Im Gegensatz zu früheren Versionen von Vagrant führen die modernen Versionen die Provisionierung nicht mehr bei jedem Lauf des Kommandos vagrant up aus, sondern nur noch direkt nach dem Erstellen der virtuellen Maschine. Das verkürzt nicht nur deren Startzeit im normalen Betrieb, sondern erspart Shell-Skripten auch die Aufgabe, zu prüfen, ob sie bereits ausgeführt wurden.

Bei Bedarf kann man die Provisionierung jedoch durch die Angabe des Parameters --provision beim Aufruf von vagrant up erzwingen. Verwendet man stattdessen --provision-with, kann man zudem eine Art der Provisionierung angeben, um beispielsweise nur die Konfiguration von Puppet durchführen zu
lassen:

$ vagrant up --provision-with puppet

In der Regel genügt der Ansatz, die Konfiguration der virtuellen Maschine über Puppet, Chef & Co. durchzuführen. Gelegentlich kann es aber auch interessant sein, auf der Basis eines bestehenden ein neues Betriebssystemabbild zu erzeugen, das bereits fertig installierte und konfigurierte Anwendungssoftware enthält.

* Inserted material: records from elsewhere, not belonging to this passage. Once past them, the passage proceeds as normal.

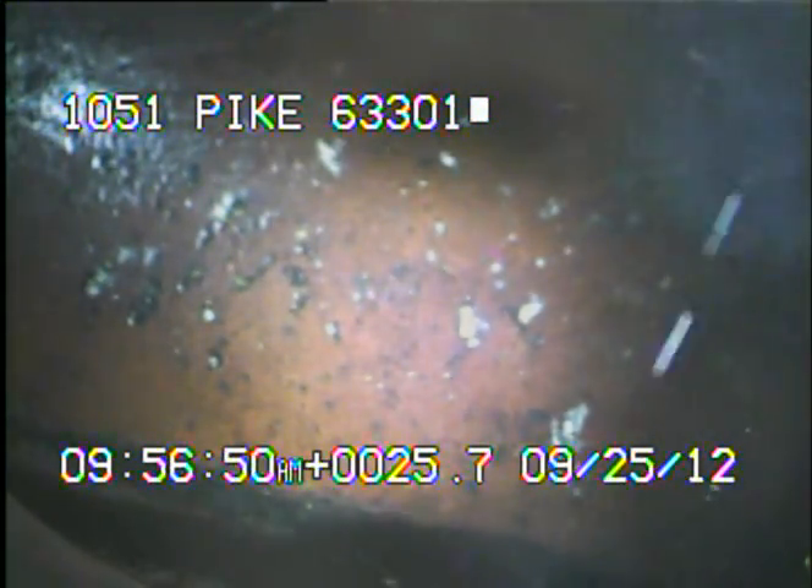Right now the camera is sitting at MSD's connection to the homeowner's lateral sewer system. This is MSD's line that we're looking at here. I'll continue to record as I pull the camera back.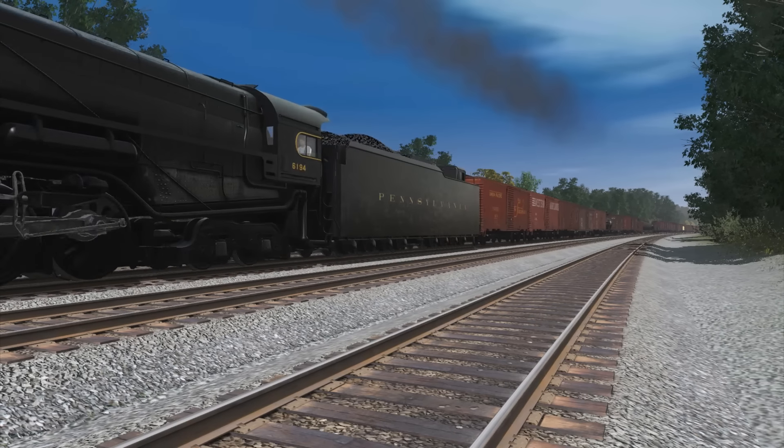By the end of 1944, the PRR had been sold on the duplex's advantages. In the following year, they would order 50 T1s for passenger service — with one half built by Baldwin and the other by Altoona — and 25 Q2s for moving freight. With the end of the war in sight, these engines were poised to make the 'standard railroad of the world' also the most innovative. But the big question about these engines was: was it all worth it?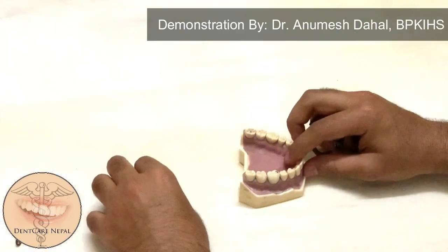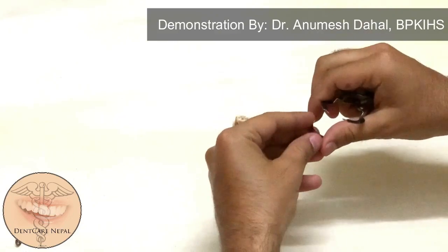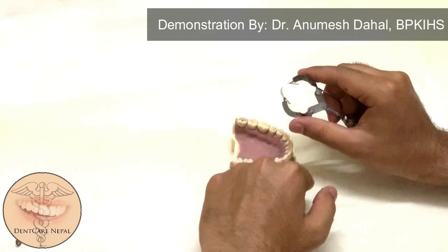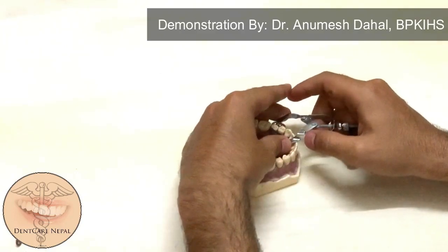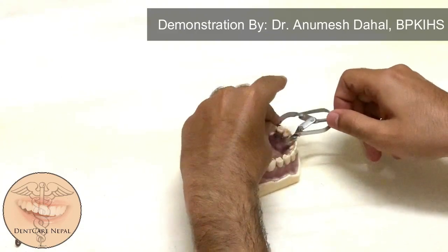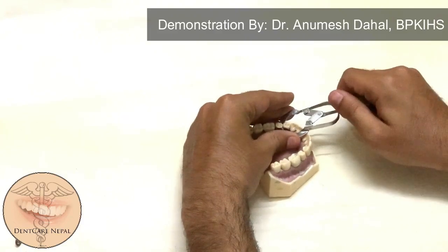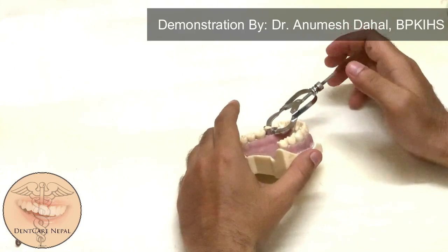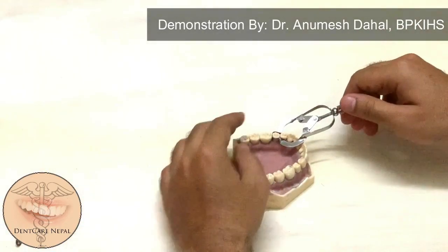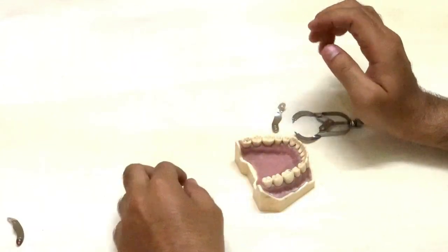Now let me show you the placement on the distal aspect. The placement of the band on the distal aspect should also make a complete circle around the tooth. As you can see, after this placement, you can tighten the matrix band. While removing, first remove the retainer and then the band, and the restoration is complete. Thank you.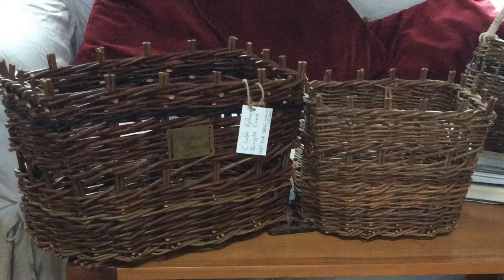My favourite basket to make, and to look at, is the Creel — I actually love the look of it. There are a lot of different Creel types: an Ulster Creel, a Connemara Creel, a Kerry Creel. They all have different styles and different techniques used. I love learning all the techniques and then maybe merging a few together to make my own type of Creel.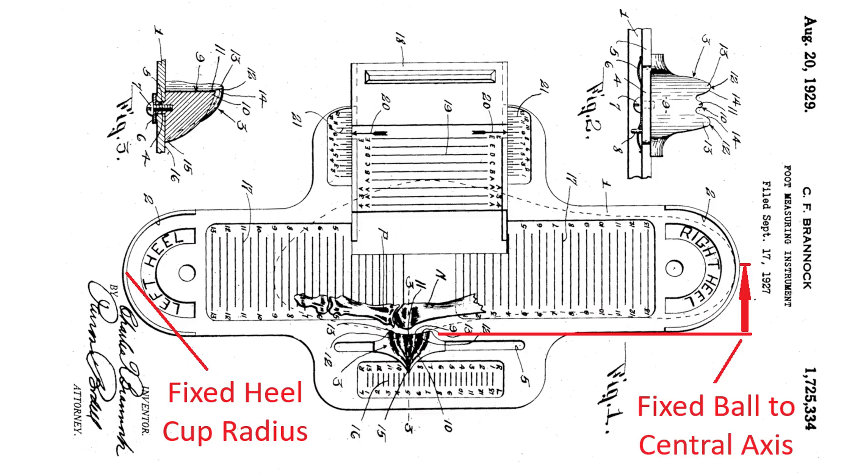There are also some flawed aspects of Brannock devices, like the fixed distance from the central axis to the side of the first ball joint and the fixed heel cup radius. And of course, it is also just a two-dimensional measuring instrument. But despite this, it has stood the test of time and is still fairly ubiquitous in shoe stores.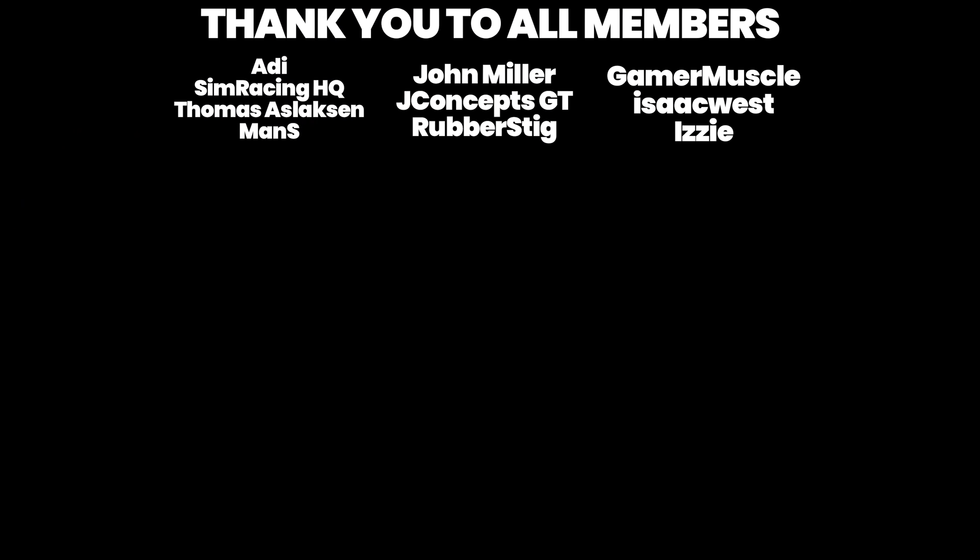I would like to say thank you to all the members of the channel for supporting it. If you want to become a member yourself and support the channel, please do so. Also, why don't you check out this video of the Mozza R12? Because I think the R12 and the KS wheel actually pair very well.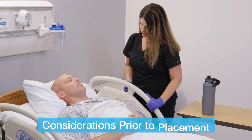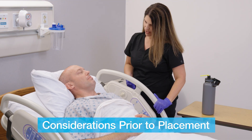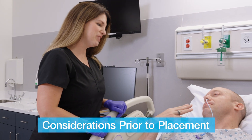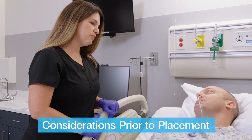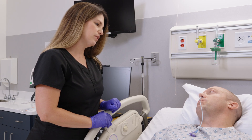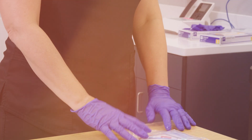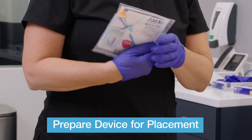Prior to beginning placement, it is recommended to have the patient in a supine position. The AMT Bridal Pro may be placed before or after the nasal tube at the clinician's discretion. Confirm the patient is a good candidate for bridal placement and ensure that no contraindications for use are present. With these considerations, you may now begin placement.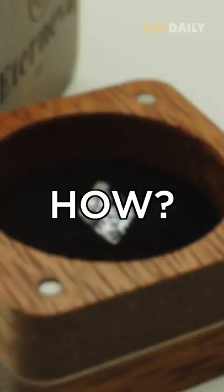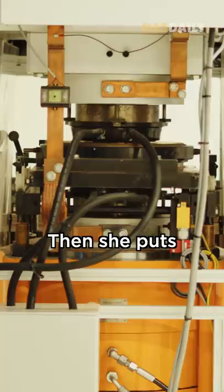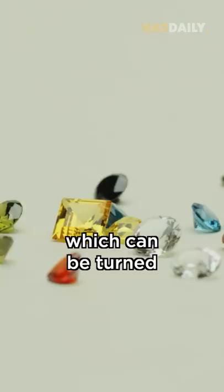How? First, you take the carbon from the ashes, then you mill it and mix it with a diamond seed and put it in a giant growth cell. Then she puts maximum heat and pressure on the carbon to make it into a shiny diamond,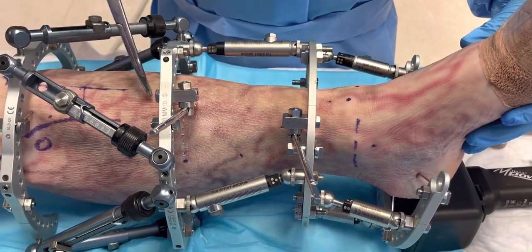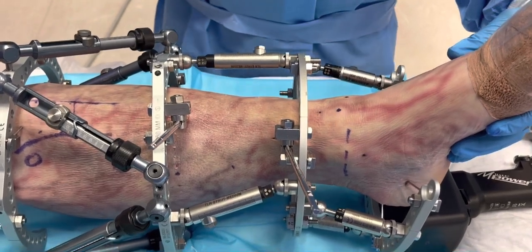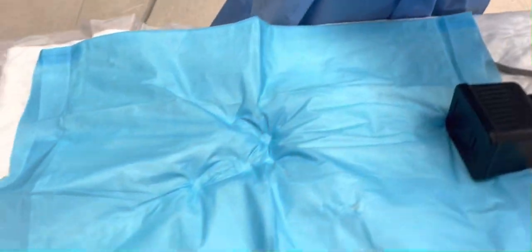Shortening distally with re-lengthening proximal. Now let's do this one — and now you have these four.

Glücklicherweise ist das Vorgehen in Vagrant hierfür ausgesprochen einfach: Zunächst erstellt man auf dem bereits bekannten Weg eine neue virtuelle Maschine, stellt per SSH eine Verbindung her und führt sämtliche Installations- und Konfigurationsschritte aus, die für das neue Abbild erforderlich sind.

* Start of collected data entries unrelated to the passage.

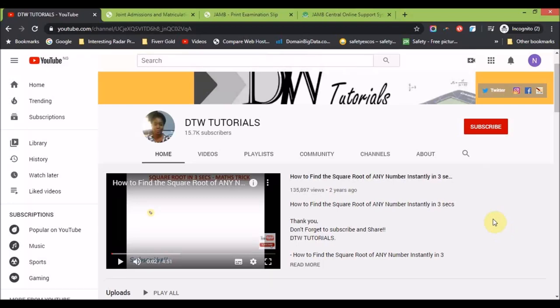Hello guys, welcome to DTW Tutorials. In today's video, I'm going to be talking about how you can print your JAMB examination slip. The portal is open for it and you can print yours now, so I'm going to be taking you through how you can do that.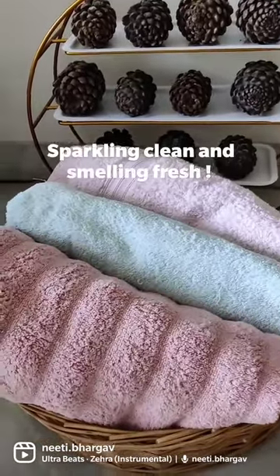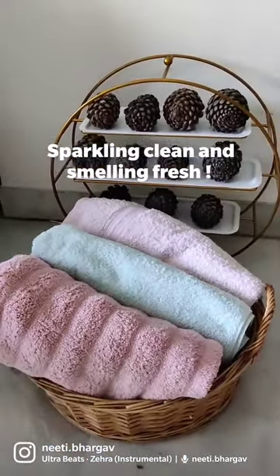Ek ghande ke liye rukhye and wash it off. They'll be absolutely sparkling clean and smelling great.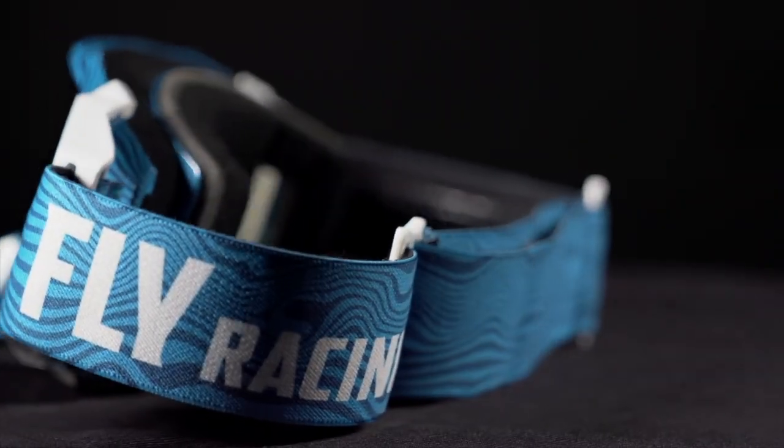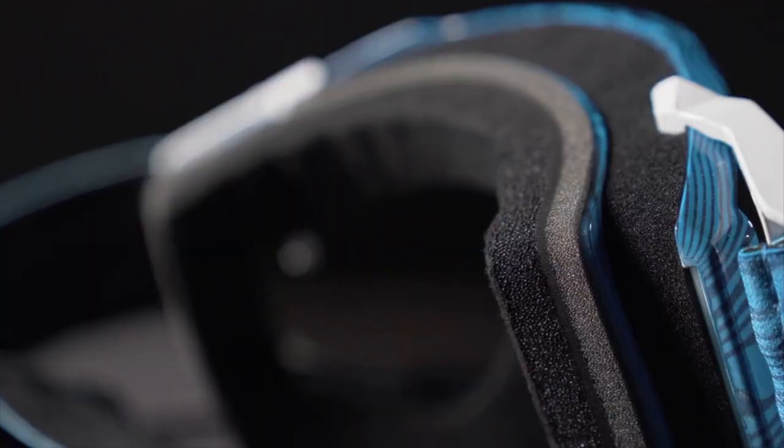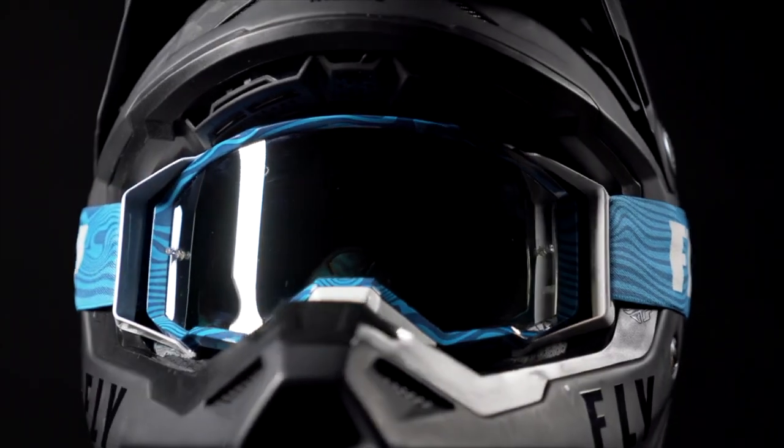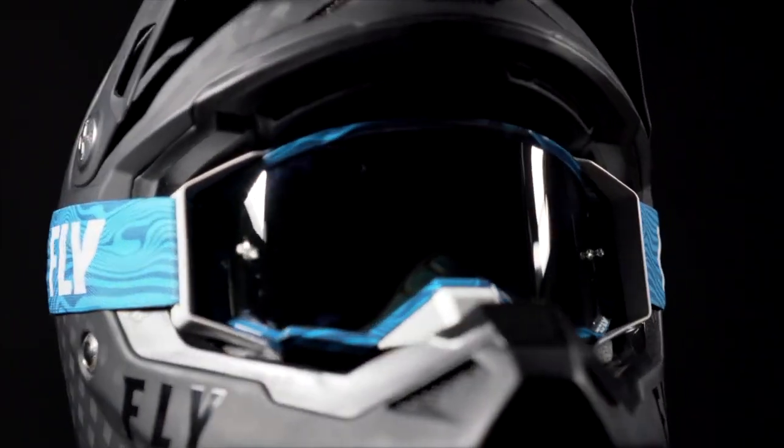The Zone Pro is secured by a 45 millimeter adjustable double buckle strap. The face foam fit has also been improved for premium sweat management. The Zone Pro is a race level goggle built for performance under the harshest demands.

Anschließend führt man das Kommando

$ vagrant package

aus. Als Ergebnis erzeugt Vagrant eine Datei namens package.box in einem temporären Verzeichnis, das das neue Betriebssystemabbild enthält. Letzteres lässt sich anschließend mit vagrant init beziehungsweise vagrant add verwenden.

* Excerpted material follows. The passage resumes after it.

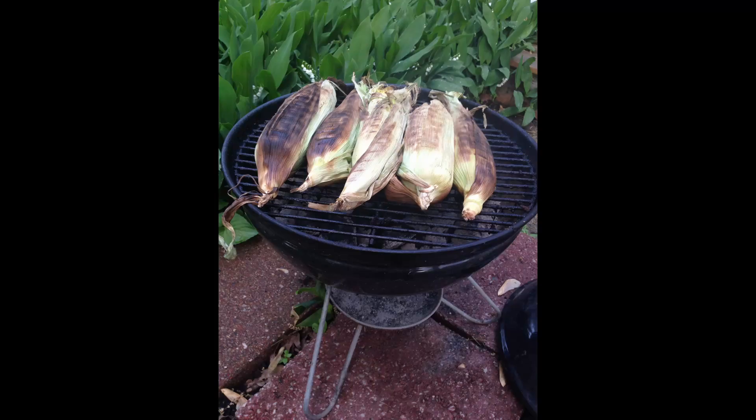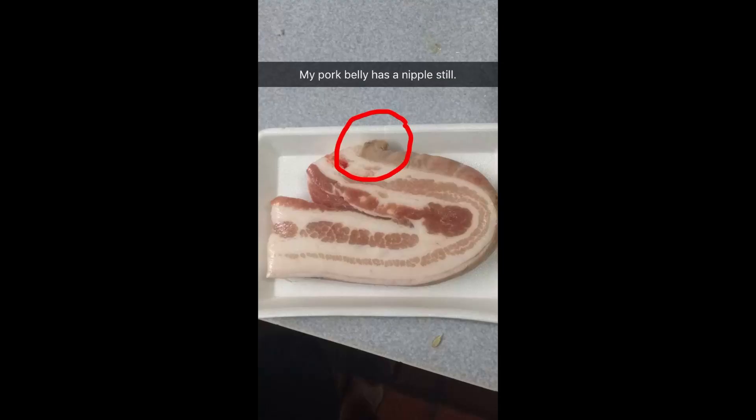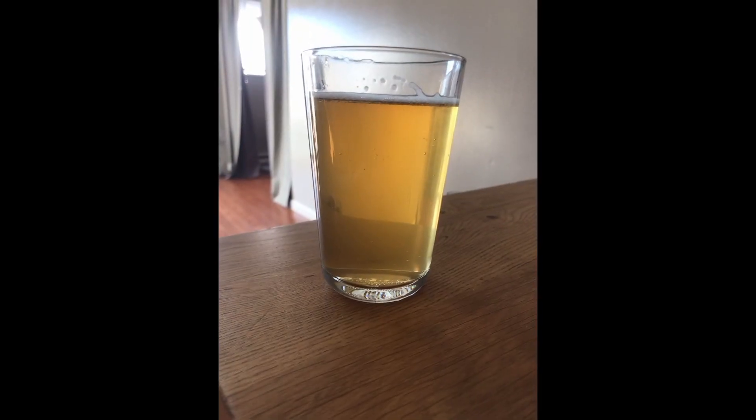Dimethyl sulfide presents itself as cooked corn, vegetal, or shellfish in high amounts. Small amounts may be appropriate in American lagers and cream ales.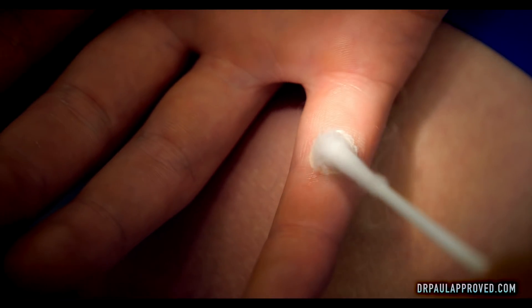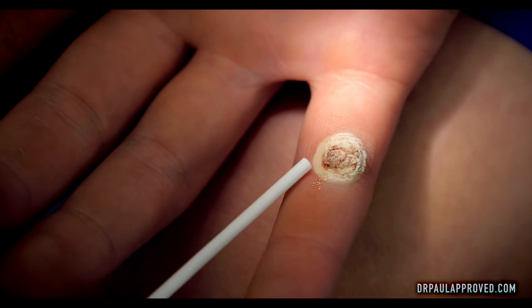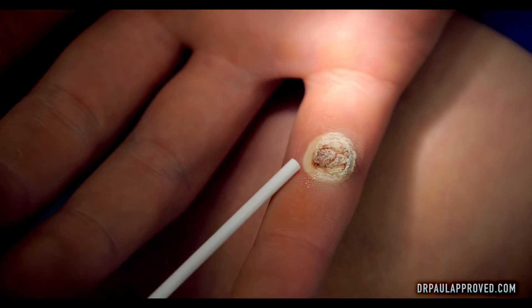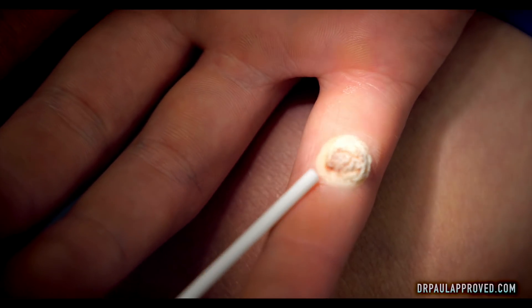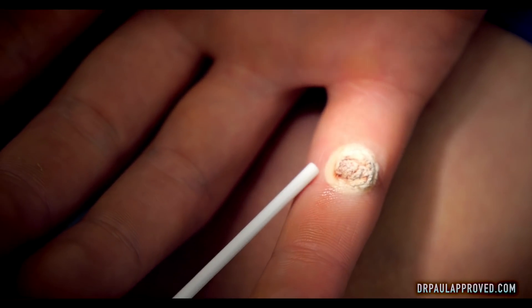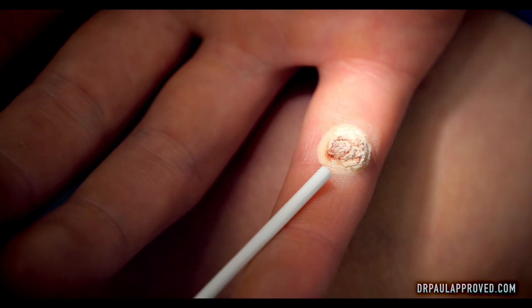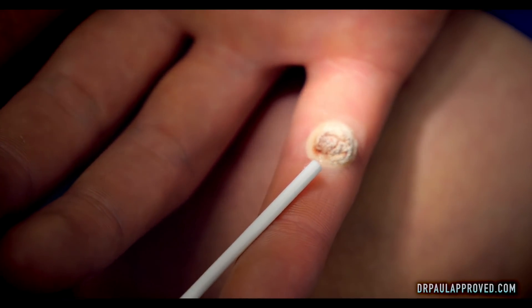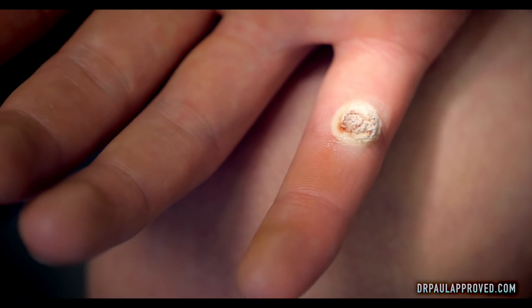That is a nice freeze. Occasionally when you do a deep freeze like this, the area that's frozen of normal tissue could actually get a blood blister. Don't panic if that happens — that actually is almost a good thing. The warts almost always fall off if you get a blood blister. The area that's frozen white here will turn pink after it thaws, and hopefully within the next month that'll just drop off.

Genügt ein vorhandenes Abbild nicht, kann man auch ein eigenes von Grund auf erstellen. Das ist jedoch deutlich aufwändiger, da unter anderem einige Vorgaben bezüglich der verwendeten Benutzer, Rechte und SSH-Konfiguration einzuhalten sind. Eine ausführliche Anleitung liefert Ryan Skoblenick in seinem Blogeintrag "Creating a Custom Vagrant Box from Scratch".

Generell sollte man sich allerdings zunächst die Frage stellen, ob das Erzeugen eines komplett neuen Abbilds den Aufwand wirklich wert ist, oder ob das Anpassen eines bestehenden nicht den gleichen Zweck erfüllt.